Keywords: Immunotherapy, measles/mumps/rubella vaccine, Vitamin D3
|How to cite this article:|
Jartarkar SR, Kadnur M, Mamatha P, Mishra SS, Spoorthy B. A comparative study of therapeutic efficacy of intralesional measles, mumps, and rubella vaccine and intralesional Vitamin D3 in the treatment of recurrent warts. J Dermatol Dermatol Surg 2021;25:14-7
|How to cite this URL:|
Jartarkar SR, Kadnur M, Mamatha P, Mishra SS, Spoorthy B. A comparative study of therapeutic efficacy of intralesional measles, mumps, and rubella vaccine and intralesional Vitamin D3 in the treatment of recurrent warts. J Dermatol Dermatol Surg [serial online] 2021 [cited 2022 Dec 8];25:14-7. Available from: https://www.jddsjournal.org/text.asp?2021/25/1/14/315346
| Introduction|| |
Warts, caused by human papillomavirus (HPV), are benign epidermal proliferations of skin and mucosa. There are several strains of the virus, a few of which are premalignant. Although there are various cytodestructive and immunotherapeutic agents available, no single therapy is yet approved or 100% effective. Cytodestructive therapeutic modalities are limited by pain, scarring, and frequent recurrence. Higher chances of recurrence and cumbersome procedures make immunotherapy more popular, especially in the treatment of recurrent warts.
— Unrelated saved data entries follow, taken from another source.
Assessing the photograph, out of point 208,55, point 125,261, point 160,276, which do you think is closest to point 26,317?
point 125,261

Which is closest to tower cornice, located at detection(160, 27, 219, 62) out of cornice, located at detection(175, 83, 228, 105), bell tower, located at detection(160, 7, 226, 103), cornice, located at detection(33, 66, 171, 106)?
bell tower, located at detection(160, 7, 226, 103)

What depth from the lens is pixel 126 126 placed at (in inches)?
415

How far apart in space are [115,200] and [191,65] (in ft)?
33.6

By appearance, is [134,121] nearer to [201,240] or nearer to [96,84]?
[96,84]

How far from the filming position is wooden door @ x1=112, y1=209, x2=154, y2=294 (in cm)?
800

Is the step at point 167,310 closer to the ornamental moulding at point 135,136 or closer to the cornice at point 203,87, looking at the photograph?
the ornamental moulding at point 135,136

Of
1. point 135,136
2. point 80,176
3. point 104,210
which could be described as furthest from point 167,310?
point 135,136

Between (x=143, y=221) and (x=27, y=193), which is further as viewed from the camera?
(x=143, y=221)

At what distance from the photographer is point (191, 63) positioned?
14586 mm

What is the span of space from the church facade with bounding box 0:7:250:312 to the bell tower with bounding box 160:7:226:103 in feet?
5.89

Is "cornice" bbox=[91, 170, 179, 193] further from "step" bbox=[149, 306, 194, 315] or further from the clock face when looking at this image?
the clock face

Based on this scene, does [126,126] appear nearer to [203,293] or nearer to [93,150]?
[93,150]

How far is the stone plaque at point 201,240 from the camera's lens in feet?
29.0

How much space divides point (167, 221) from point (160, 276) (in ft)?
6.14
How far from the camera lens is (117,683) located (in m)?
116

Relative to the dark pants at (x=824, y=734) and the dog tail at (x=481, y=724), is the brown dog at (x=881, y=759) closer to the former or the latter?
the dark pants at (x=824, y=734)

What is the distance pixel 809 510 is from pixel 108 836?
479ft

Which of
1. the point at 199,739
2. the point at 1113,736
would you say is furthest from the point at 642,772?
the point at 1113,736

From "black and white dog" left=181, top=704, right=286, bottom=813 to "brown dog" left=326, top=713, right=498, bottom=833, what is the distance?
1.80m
Recurrent or resistant warts may be associated with a defective cell-mediated immune response.
Immunotherapy is directed at manipulating the immune system to achieve an anti-HPV immune reaction. The response of warts to immunotherapy – including purified protein derivative, measles/mumps/rubella vaccine (MMR), candidal antigen, and Vitamin D3 – is variable, and selecting from the existing agents remains challenging. Both intralesional MMR and intralesional Vitamin D3 can be effective individually. However, there has been a paucity of studies comparing intralesional MMR with intralesional Vitamin D3 injection in the treatment of recurrent warts. The aim of our study is to compare the efficacy and safety of intralesional MMR and intralesional vitamin D3 injection in the treatment of recurrent warts.
| Methods|| |
The present study was a prospective comparative interventional study carried out from May 2019 to May 2020 in the Outpatient Department of Dermatology, Vydehi Institute of Medical Sciences and Research Centre, Bangalore, after approval from the institutional ethical committee. The study included 66 patients of recurrent warts attending the outpatient department of our institute. The patients were randomly assigned into two groups of 33 each. Patients with single or multiple recurrent viral warts who were willing to give voluntary written consent to participate in the study were included. Exclusion criteria included age <12 years or >70 years, pregnant and lactating women, patients with keloidal tendency, anogenital warts, any evidence of immunosuppression, any systemic/local inflammation/infection/asthma/meningitis, and prior hypersensitivity to Vitamin D3, MMR vaccine, or any other drug.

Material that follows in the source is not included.